Jameson and Laura Lucero, former residents of Santa Cruz, were shocked when they moved to Nipomo five years ago. Coming from the “skate capital of the world,” the couple found that Nipomo’s lack of recreational activities stared at them.
“It’s really sad, because I have young kids, and when I take them to the toddler’s playground in the park where the skate park is supposed to be, the middle school kids make music. [there]. Moms stare, giving them dirty looks. They literally don’t have a place here, ”Laura said.
Laura worked at Dana Elementary Bright Futures, which brought her closer to the concerns of the children and teens of Nipomo. Bright Futures is an after-school program run by Tefft Street Primary School, just over a mile from the old recreation center where Nipomo’s youth have set up a makeshift skate park. But in April 2021, the DIY skate park known locally as “the Rec” was demolished to pave the way for a mall to include outlets like Tractor Supply Co. and a Wendy’s restaurant.
Community members have been waiting for a skate park since 2017, a project they will likely have to wait longer due to budget constraints. The demolition of the Rec underscored Nipomo’s underserved status with respect to recreational facilities. San Luis Obispo County Parks and Recreation Department officials attributed the lack of amenities to poor funding and tight purse strings. But the residents of Nipomo claim that the town’s income is being diverted from them.
“People here feel like all these out-of-town investors are buying real estate in this small town and selling these lucrative, quick and cheap franchises without any regard for children’s values, health or culture. in our community. The interests of young people are not represented as they deserve, ”said Laura.
Laura mentioned Matthew Diaz, a 24-year-old resident, who was fatally struck by a car in 2019 while skateboarding at night on Frontage Road near Rec. His death caused waves in the skating community of Nipomo, and residents even called for better street lighting and sidewalk improvements. This month, the county public works department began construction of the crosswalks next to Dana Elementary School, near where the future skate park will be located, to make it safer for pedestrians.

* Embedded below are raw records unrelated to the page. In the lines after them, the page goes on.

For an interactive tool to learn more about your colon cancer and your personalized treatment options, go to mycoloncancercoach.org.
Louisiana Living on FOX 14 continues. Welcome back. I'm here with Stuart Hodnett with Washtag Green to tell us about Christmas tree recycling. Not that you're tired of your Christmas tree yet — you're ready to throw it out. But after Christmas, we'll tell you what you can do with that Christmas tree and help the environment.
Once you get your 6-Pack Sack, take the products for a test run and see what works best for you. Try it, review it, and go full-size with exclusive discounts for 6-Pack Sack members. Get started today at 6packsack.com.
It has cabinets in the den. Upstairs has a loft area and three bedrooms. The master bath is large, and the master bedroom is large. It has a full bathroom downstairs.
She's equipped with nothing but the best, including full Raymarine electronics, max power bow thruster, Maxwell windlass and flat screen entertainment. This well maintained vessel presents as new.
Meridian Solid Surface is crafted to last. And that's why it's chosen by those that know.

Recreational facilities like the one Nipomo wants fall under the jurisdiction of the Parks and Recreation Commission, which prioritizes projects once the SLO County Oversight Board allocates funds to them. Second District Parks Commissioner Pandora Nash-Karner said New times that the county has been strict with the distribution of funds, which has helped areas receive fewer amenities.
“There’s absolutely no money. I’ve always felt that the oversight board didn’t see the arts as really important. The board hears all departments and basically sees parks as swings for Donnie and Susie, without understanding this people need to be on the outside, they need to connect with others, they need all that nature has to offer, ”she said.
Nash-Karner added that the commission has two needs on the county’s part before it can effectively close the recreation gap: funding to hire another planner to research and write more grants up for grabs, and a more marketing budget. high for Parks and Rec to increase its revenue generation.
Nick Franco, Director of Parks and Rec, said New times that the county is also stretched because all of its areas need their own recreational facilities.
“We have to try to provide that fair amount across the county. That’s the challenge. We’re going to have a skate park in Nipomo and we have one in Los Osos. But we don’t have anything in North County. should also be a priority, ”Franco said. “We have ball fields in Nipomo and we have some in El Chorro… but do we have anything in Cambria? No, we don’t.”
But longtime Nipomo residents like Elijah Coleman believe their city needs more than the four baseball diamonds it is home to. He played there when he was a kid, and now, 35 years later, his kids beat there too. Coleman, a Little League board member, thinks it’s time to upgrade.
“Nipomo does not get its fair share of recreation revenue even though it produces most of it in the county. Nipomo Little League maintains and improves baseball fields only through volunteer time and sponsor money,” did he declare. New times via Facebook. “The skate park is a great start to getting some of that income back to Nipomo instead of donating it to Avila / SLO. It would be nice to get funds to repair existing baseball fields and add more.”
Franco mentioned an additional obstacle to the installation of more ball fields: the drop in water levels in SLO County. He said that the use of water available for recreation would affect the amount needed for housing.
Coleman is hoping that the revenue generated from the expected Dana reserve – a Nipomo-based county project offering nearly 1,300 housing units – could be used to build a sports complex.
He is not the only resident to offer a roadmap to a coveted local establishment. Laura and her husband, Jameson Lucero, are also working with a business mentoring group called SCORE SLO to determine how they can start a skateboard store in Nipomo. They plan to donate the projected income to build the appropriate skate park, an area the Nipomo skateboarders want dedicated to the late Diaz. For Jameson, a native of Salinas, skateboarding is a beacon of light for young people.
“They really have nothing to do if you are not a fan of basketball or team sports. Coming from Salinas there is a lot of gangs and violence, I saw what the skateparks can do. do for the communities, ”he said. “When they built the park there, I saw that a lot of the kids had a way to express themselves. It gave them a safe place.” ??